Exercise instructions: Beginning with the line that holds "Strider Adventure Zone en Downtown Mall", please retype each line through the end of the listing below, both ends included, and nothing more.

------------------------------------------------------------------------

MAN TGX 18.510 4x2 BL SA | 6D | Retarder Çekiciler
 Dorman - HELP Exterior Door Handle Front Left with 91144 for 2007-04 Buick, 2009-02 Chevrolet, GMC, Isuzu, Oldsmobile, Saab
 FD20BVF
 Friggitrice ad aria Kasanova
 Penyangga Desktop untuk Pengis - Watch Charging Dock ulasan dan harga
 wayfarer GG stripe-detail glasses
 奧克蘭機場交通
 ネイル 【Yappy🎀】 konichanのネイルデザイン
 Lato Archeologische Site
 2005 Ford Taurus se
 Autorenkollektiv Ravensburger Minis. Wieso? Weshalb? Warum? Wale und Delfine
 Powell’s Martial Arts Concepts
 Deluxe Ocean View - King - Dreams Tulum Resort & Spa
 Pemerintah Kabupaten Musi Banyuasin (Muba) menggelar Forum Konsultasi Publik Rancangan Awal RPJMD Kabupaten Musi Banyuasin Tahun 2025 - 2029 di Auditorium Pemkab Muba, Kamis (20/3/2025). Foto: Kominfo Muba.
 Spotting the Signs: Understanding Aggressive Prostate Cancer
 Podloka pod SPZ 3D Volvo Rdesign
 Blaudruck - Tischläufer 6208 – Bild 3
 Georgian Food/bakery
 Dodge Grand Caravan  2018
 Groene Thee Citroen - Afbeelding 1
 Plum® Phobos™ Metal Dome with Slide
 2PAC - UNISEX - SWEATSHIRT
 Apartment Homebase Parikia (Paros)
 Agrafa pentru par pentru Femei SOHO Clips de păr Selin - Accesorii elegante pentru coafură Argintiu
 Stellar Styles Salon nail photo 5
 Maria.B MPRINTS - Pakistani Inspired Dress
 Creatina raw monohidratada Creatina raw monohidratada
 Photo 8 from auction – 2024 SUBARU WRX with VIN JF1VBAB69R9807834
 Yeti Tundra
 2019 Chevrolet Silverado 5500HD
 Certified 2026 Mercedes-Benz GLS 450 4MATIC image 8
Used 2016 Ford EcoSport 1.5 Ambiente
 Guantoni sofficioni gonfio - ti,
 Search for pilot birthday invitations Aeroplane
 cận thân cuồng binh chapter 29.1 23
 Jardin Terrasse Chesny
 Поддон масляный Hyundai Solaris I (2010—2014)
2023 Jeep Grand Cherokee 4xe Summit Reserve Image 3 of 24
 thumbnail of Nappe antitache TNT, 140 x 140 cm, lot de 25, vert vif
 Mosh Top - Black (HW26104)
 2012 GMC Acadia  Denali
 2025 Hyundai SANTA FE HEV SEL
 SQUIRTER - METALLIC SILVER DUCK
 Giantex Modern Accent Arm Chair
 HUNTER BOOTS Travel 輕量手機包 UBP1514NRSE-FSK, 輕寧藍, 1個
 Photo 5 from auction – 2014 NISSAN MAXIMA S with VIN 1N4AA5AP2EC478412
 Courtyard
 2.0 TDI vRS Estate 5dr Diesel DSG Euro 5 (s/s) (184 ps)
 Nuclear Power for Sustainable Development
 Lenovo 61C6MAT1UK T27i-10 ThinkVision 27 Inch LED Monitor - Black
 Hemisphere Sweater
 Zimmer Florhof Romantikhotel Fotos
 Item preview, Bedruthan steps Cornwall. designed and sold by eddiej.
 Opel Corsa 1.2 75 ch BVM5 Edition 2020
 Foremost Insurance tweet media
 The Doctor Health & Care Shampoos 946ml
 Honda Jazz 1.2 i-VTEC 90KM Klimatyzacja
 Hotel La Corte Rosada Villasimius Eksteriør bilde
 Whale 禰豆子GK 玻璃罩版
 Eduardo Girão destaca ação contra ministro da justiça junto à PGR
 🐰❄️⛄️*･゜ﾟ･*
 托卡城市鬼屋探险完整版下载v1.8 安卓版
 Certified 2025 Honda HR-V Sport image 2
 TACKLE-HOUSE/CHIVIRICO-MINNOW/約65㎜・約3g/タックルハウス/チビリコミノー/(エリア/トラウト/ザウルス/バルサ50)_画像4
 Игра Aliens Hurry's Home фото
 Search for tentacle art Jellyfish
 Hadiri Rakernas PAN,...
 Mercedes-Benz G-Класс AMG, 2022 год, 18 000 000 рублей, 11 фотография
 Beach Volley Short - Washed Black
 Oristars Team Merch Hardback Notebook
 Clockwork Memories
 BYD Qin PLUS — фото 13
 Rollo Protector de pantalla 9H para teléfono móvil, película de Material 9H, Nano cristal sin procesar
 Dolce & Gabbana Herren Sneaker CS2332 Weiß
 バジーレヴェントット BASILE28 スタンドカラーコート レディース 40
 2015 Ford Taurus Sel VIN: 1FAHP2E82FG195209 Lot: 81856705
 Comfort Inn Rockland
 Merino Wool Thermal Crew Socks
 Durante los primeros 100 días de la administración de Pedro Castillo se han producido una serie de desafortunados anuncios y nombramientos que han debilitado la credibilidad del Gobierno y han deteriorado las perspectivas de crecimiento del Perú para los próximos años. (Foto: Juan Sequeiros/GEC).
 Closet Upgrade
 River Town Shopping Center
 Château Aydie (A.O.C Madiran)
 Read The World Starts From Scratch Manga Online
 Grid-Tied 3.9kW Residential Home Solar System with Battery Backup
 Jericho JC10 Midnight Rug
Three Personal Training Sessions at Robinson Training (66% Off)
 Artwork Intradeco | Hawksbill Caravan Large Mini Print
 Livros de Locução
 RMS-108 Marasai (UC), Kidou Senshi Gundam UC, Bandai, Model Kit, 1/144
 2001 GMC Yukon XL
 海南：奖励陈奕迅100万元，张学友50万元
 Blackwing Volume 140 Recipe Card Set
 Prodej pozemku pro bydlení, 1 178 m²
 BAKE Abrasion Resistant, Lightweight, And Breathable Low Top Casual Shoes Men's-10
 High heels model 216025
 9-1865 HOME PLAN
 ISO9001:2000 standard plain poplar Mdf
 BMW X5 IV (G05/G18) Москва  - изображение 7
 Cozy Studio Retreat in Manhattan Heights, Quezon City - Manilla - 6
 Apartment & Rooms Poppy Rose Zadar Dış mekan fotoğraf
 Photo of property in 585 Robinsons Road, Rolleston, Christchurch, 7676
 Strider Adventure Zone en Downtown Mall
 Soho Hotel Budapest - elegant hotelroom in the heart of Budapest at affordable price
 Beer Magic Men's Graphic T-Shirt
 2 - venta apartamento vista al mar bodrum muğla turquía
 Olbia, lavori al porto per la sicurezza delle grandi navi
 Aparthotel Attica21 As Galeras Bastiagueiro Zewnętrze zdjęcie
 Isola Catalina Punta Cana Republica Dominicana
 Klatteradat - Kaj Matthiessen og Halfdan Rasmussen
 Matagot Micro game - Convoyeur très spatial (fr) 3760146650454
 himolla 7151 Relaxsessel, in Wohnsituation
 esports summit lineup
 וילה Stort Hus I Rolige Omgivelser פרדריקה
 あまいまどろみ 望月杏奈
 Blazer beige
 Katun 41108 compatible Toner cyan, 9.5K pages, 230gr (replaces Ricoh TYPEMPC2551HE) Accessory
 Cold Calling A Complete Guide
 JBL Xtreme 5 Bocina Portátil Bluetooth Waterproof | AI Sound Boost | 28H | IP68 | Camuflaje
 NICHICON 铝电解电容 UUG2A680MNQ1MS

------------------------------------------------------------------------

Solution for this problem:
 Strider Adventure Zone en Downtown Mall
 Soho Hotel Budapest - elegant hotelroom in the heart of Budapest at affordable price
 Beer Magic Men's Graphic T-Shirt
 2 - venta apartamento vista al mar bodrum muğla turquía
 Olbia, lavori al porto per la sicurezza delle grandi navi
 Aparthotel Attica21 As Galeras Bastiagueiro Zewnętrze zdjęcie
 Isola Catalina Punta Cana Republica Dominicana
 Klatteradat - Kaj Matthiessen og Halfdan Rasmussen
 Matagot Micro game - Convoyeur très spatial (fr) 3760146650454
 himolla 7151 Relaxsessel, in Wohnsituation
 esports summit lineup
 וילה Stort Hus I Rolige Omgivelser פרדריקה
 あまいまどろみ 望月杏奈
 Blazer beige
 Katun 41108 compatible Toner cyan, 9.5K pages, 230gr (replaces Ricoh TYPEMPC2551HE) Accessory
 Cold Calling A Complete Guide
 JBL Xtreme 5 Bocina Portátil Bluetooth Waterproof | AI Sound Boost | 28H | IP68 | Camuflaje
 NICHICON 铝电解电容 UUG2A680MNQ1MS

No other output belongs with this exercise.